На самом деле между ними непроходимая пропасть.

Откуда пошел неистовый культ Петра, когда достоинства его стали превозносить до небес, а пороки – наглухо замалчивать? Наверно, началось это с Елизаветы, которая пришла к власти именно как дочь Петра; было поддержано Екатериной II, которая стала его незваной внучкой, и было выражено в великолепном Медном всаднике работы Фальконе. Однако неистовым этот культ стал в николаевское время.

Странное дело: этот русский царь в России почти не жил, он в ней только бывал.

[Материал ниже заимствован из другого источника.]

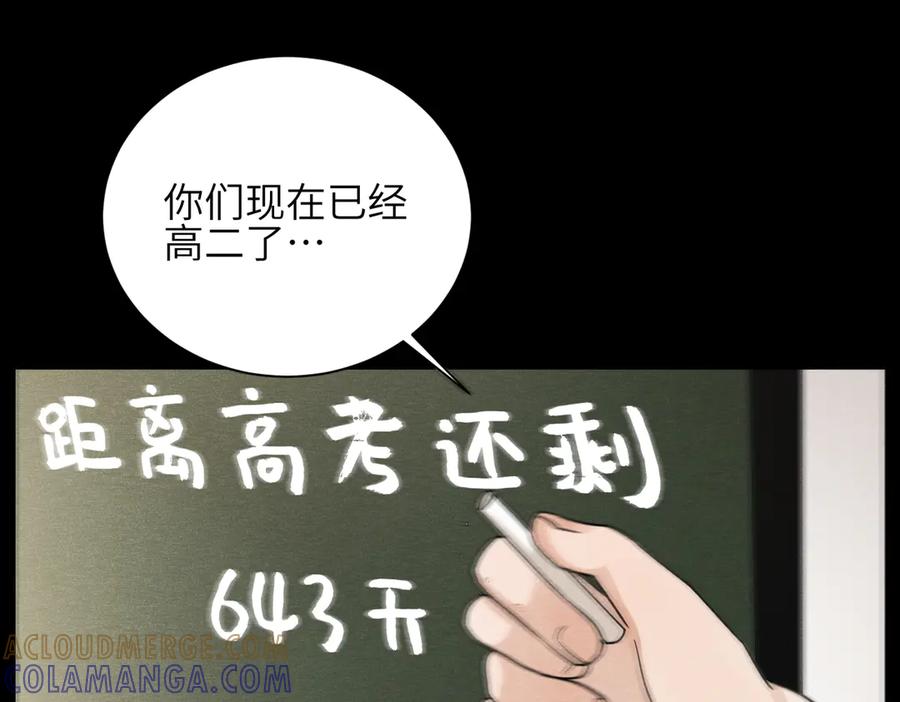 《未完待叙》第01话：我穿越了？！ 第5页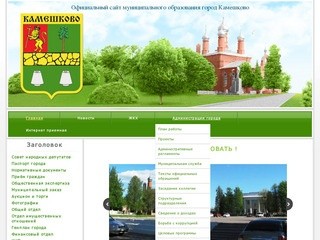 Kameshkovo33.ru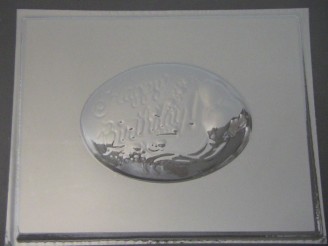 2511 "Happy Birthday" Plaque Chocolate Candy Mold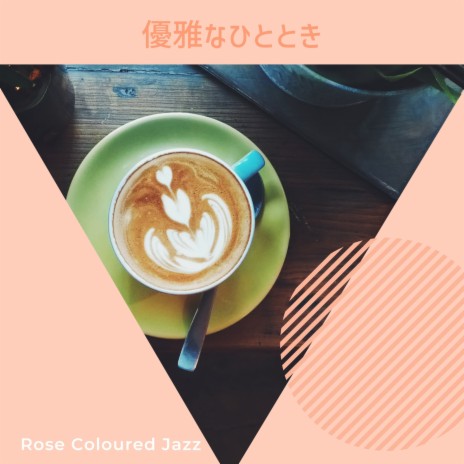 Coffee and a Walk in the Park | Boomplay Music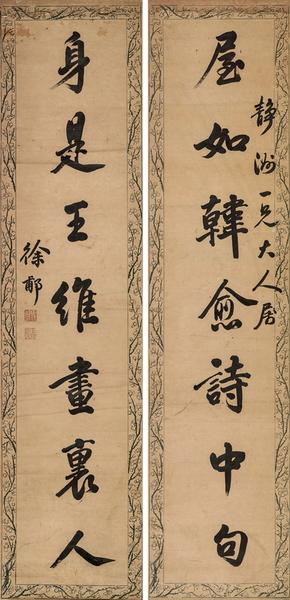Calligraphy by 
																	 Xu Fu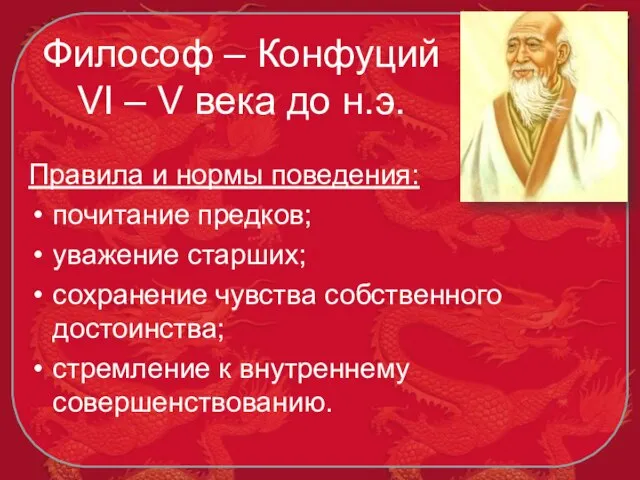 Философ – Конфуций VI – V века до н.э. Правила и нормы
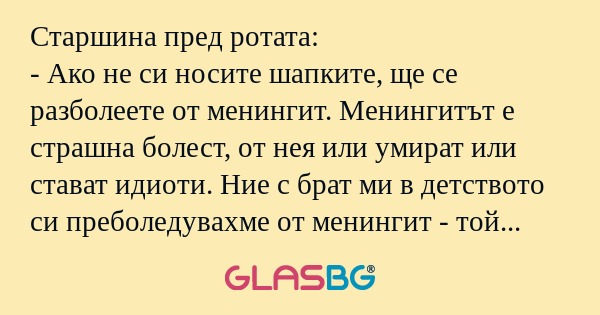 Старшина пред ротата: - Ако не...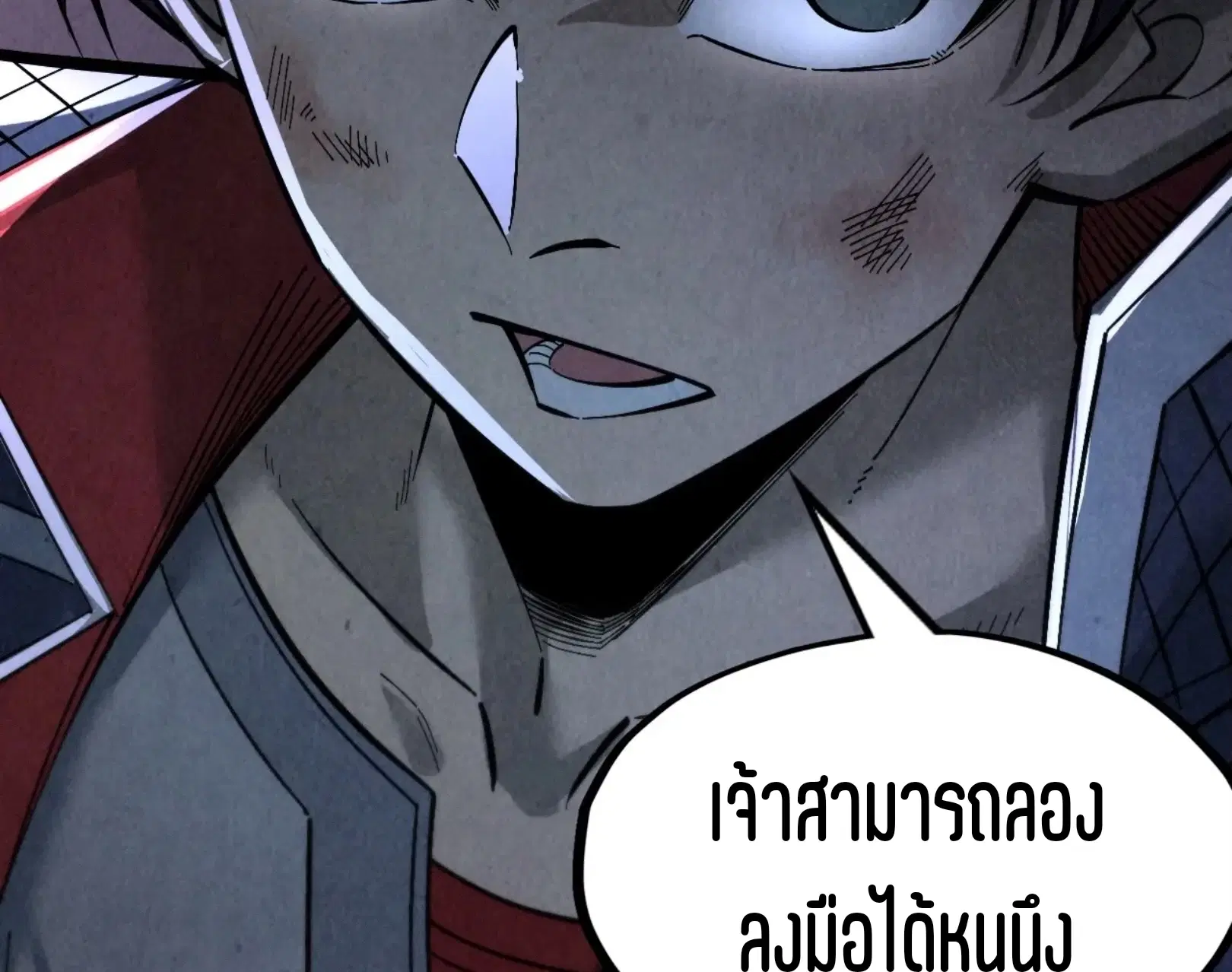 หน้า 91 จาก 101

Так, например (беру из энциклопедии), сразу после Полтавской битвы (2 августа 1709 г.) он едет за границу – на свидания с королями польским и прусским. В середине декабря того же года он возвращается в Москву, но в середине февраля 1710-го оттуда уезжает, все время проводит на строительстве Петербурга и занимается в это время, кстати, устройством брачных союзов: своей племянницы Анны, будущей императрицы, с герцогом Курляндским и сына Алексея с принцессой Вольфенбюттельской.

Петр действительно все «вдаль глядел». В январе 1711 года он отправился в Прутский поход, после позорного поражения уехал в Карлсбад лечиться, оттуда – в Торгау (в Германии на Эльбе), где должна была совершиться злосчастная свадьба царевича Алексея. В Россию он вернулся к новому, 1712-му году, а в июне уехал за границу почти на год – Померания, а потом Карлсбад, потом – Дрезден и Берлин; в начале 1713 года – Гамбург и Рендсбург, в феврале через Ганновер и Вольфенбюттель в Берлин, чтобы там встретиться с только что вступившим на престол королем Фридрихом Вильгельмом; возвращается в Петербург – а через месяц уже в финляндском походе и с августа все время в море. В январе 1714 года – Ревель и Рига. Август – его победа при Гангуте. 1715-й – на флоте в Балтийском море. В начале 1716 года уезжает из России, чтобы вернуться в нее только через два года – тут и Данциг (свадьба его племянницы с герцогом Мекленбургским, от этого брака родится Анна Леопольдовна, от нее – несчастное Брауншвейгское семейство). Кстати, вся погибельная чехарда на российском престоле тоже пошла от Петра; он упразднил старый закон о престолонаследии, установил новый – наследника назначает сам монарх, – но старшего своего сына убил, младший, любимый Шишечка, от Екатерины, умер трех лет от роду, а назначить кого-то Петр не успел и умер, оставив империю на произвол дворцовых переворотов; итак, в 1716 году он уезжает из России на два года, сперва – плавание на галерной эскадре, он с ней под Копенгагеном (июль); в октябре – Мекленбург, потом – Амстердам. В 1717 году – Франция (март), Амстердам (июль), Берлин и Данциг (сентябрь). Затем он два месяца в России, сперва в Петербурге, а потом в Москве, чтобы встретить привезенного из-за границы царевича Алексея; похоронив сына, Петр тут же уезжает…

Уж не сумасшедший ли царь был тогда на престоле? Это лихорадочное метание по чужестранным дворам – разве оно в пределах нормы?

При таком способе жизни когда же было ему заниматься Россией? Крепостническая, нищая, темная страна осталась предоставленной самой себе. Не было законов, которые бы защищали людей от насилия, от произвола властей; сельское хозяйство, ремесло и торговля – вся экономическая жизнь была парализована крепостничеством. Но если судьбы людей, живущих в России, Петра нимало не волновали, то его интерес к самой России был огромно велик: ему позарез нужны были деньги, а поскольку из страны уже были выкачаны все средства и русский мужик больше ничего заплатить не мог, на него была двинута армия, которая, по существу, стала карательной. Невольно возвращаешься к этому сюжету. Мы видели петровских гвардейцев, которые двигались в сопровождении плахи, – кстати, по большей части то была виселица, а при ней палач с кнутом и другой мастер – со щипцами и прочими орудиями казни. Крестьяне бежали, прятались, где могли, – дело в том, что в интересах фиска тут свободных насильно записывали в крепостные – петровская перепись была огромным механизмом закрепощения.